It's not quite the 36 infantry battalions that President Donald Trump has cited, but the Marine Corps is asking Congress for its biggest force increase in nearly a decade.
The assistant commandant of the Marine Corps, Gen. Glenn Walters, asked lawmakers Wednesday for 194,000 troops -- a 12,000-Marine increase from the current force strength of 182,000. That number's not a ceiling for the Corps, he said, but a starting point.
"We have done 18 months' worth of analysis on what capabilities we need," he told members of the Senate Armed Services Committee's subcommittee on readiness. "Before we built another capacity, we need to fix the holes in our current organizations. That's a smaller number, 194,000."
This figure includes an additional 3,000 troops the Corps expects to receive this fiscal year, thanks to a provision in the 2017 National Defense Authorization Act. But the money for those troops can't be spent until Congress passes an appropriations bill, which lawmakers are set to debate between now and April.
The Marine Corps just completed a multi-year drawdown process beginning in 2011 to bring it from a peak force strength of 202,000 during the troop surge in Afghanistan to the current 182,000 end strength, cutting infantry battalions and support elements. Amid sequestration cuts and budget austerity, some leaders warned the service might be forced to draw down as low as 175,000.
Now, with the prospect of funding to grow the force, Walters said specialized communities and capabilities would get attention first.
"Cyber, information operations, [intelligence, surveillance, and reconnaissance], counter-UAS, and long-range fires," he told Military.com in an interview after the hearing. "So these are the capabilities we're trying to buy that we lack right now."

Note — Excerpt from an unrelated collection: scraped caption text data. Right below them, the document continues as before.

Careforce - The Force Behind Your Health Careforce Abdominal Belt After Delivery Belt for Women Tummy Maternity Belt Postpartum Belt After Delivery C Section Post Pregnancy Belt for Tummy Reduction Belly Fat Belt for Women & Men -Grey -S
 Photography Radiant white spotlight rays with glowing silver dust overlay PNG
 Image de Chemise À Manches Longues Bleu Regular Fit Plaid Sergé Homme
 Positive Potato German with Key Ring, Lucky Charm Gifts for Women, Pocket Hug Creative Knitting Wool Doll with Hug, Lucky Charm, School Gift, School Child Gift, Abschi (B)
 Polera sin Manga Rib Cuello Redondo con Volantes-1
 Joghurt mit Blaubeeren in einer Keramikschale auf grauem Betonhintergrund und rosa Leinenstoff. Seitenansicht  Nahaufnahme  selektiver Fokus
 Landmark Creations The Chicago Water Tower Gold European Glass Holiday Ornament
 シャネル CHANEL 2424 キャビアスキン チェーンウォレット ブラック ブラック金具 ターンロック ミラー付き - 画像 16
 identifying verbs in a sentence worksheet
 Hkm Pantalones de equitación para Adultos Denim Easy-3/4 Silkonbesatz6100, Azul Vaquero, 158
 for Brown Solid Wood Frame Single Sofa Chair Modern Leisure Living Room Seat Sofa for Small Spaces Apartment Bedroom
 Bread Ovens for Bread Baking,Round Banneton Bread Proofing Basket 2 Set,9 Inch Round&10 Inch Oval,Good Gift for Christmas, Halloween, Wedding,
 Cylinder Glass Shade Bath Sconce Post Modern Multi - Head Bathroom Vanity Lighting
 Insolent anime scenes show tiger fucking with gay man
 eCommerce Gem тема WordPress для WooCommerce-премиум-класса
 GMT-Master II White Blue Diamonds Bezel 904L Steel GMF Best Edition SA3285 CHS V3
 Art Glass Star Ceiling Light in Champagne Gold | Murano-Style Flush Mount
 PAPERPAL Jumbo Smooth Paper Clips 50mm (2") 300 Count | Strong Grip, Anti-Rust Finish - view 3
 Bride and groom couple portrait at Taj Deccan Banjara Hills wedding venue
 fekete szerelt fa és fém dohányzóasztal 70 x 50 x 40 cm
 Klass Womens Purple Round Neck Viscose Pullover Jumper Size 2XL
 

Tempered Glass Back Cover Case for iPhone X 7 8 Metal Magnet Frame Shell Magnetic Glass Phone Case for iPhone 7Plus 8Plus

The Corps, he said, is building what he called the MEF information group, a Marine Expeditionary Force element that would incorporate all these capabilities. This development comes as the service also adds a new three-star general position, a deputy commandant for information environment operations, to serve as an advocate to leadership for these roles.
"The way we're going to fight in the future and the way the enemy's going to fight in the future, we have to push those [capabilities] down to the lower echelons," Walters said.
Of the 12,000 troops the Corps hopes to add, the only Marines in traditional ground combat positions will be artillery troops adding long-range fires capabilities, including the High Mobility Artillery Rocket System, or HIMARS, Walters said. While other Marines in the prospective plus-up might serve in infantry units, they won't be riflemen, he said.
That doesn't mean the Corps is giving up on adding more infantry battalions, but Walters said it's prioritizing what it sees as pressing capability gaps.
"Once you get past that [194,000] number is when you start, if you ever grew past that, would be adding more capacity ... to reduce the [deployment]-to-dwell ratio," he said.